▶ INSTRUCTIONS FOR THE TASK
Of all the entries below, retype only the lines from the one with "Colnect-348-278-Eurasian-Hoopoe-Upupa-epops.jpg" through the one with "Pollen on pistel", exactly as they appear.

▶ EXCERPTED RECORDS
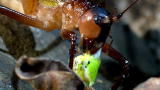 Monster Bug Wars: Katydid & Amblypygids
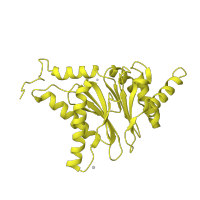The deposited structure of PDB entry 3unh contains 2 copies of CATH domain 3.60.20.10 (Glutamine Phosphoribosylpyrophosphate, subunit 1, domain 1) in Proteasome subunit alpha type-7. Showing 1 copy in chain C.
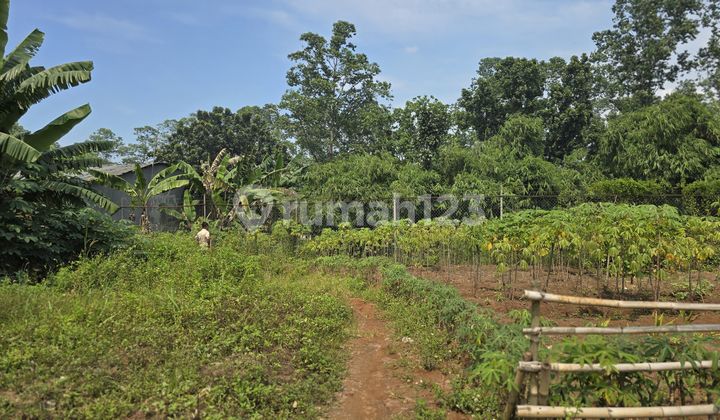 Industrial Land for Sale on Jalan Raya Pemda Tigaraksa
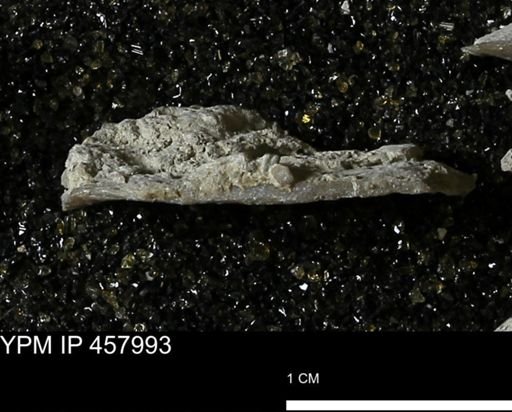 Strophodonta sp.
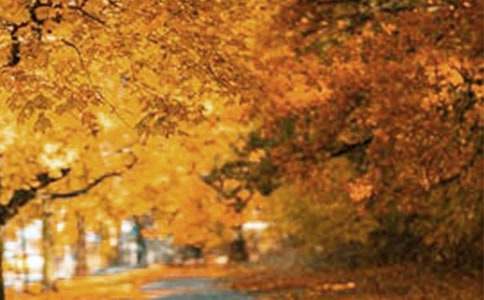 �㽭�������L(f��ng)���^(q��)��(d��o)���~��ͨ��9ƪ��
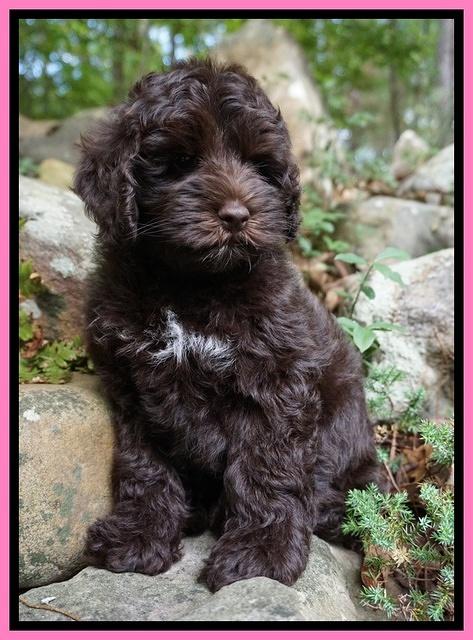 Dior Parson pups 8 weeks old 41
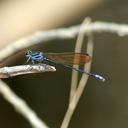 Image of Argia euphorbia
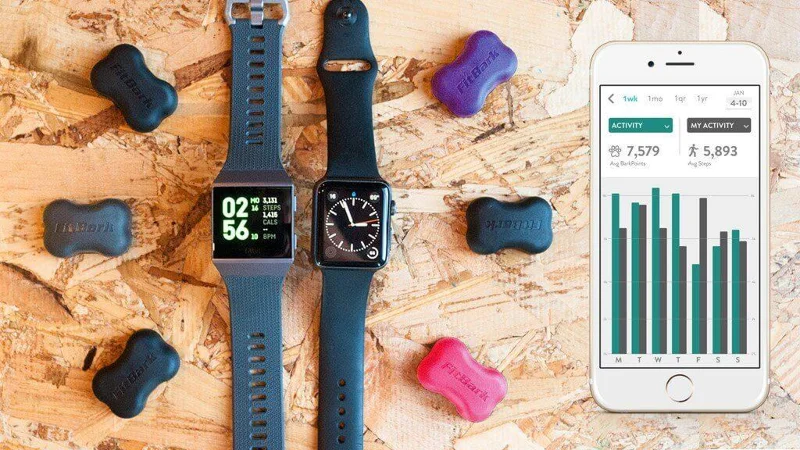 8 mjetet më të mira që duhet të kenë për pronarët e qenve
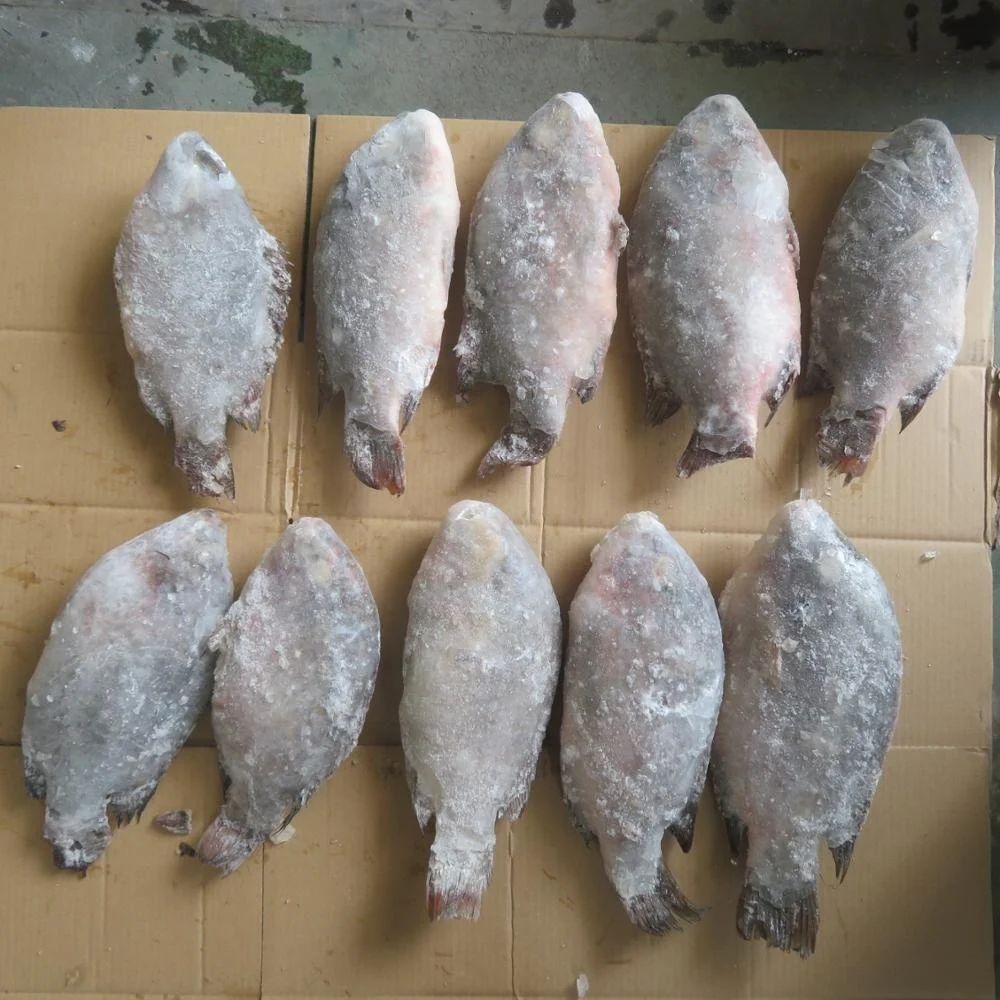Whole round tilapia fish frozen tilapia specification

* * *

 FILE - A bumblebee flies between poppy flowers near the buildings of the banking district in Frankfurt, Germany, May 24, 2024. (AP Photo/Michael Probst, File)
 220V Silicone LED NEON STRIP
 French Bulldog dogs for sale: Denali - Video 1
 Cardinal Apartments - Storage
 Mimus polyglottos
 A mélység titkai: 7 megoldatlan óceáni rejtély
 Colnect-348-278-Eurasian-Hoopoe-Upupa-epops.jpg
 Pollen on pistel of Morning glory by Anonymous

▶ ANSWER TO THE EXERCISE
 Colnect-348-278-Eurasian-Hoopoe-Upupa-epops.jpg
 Pollen on pistel of Morning glory by Anonymous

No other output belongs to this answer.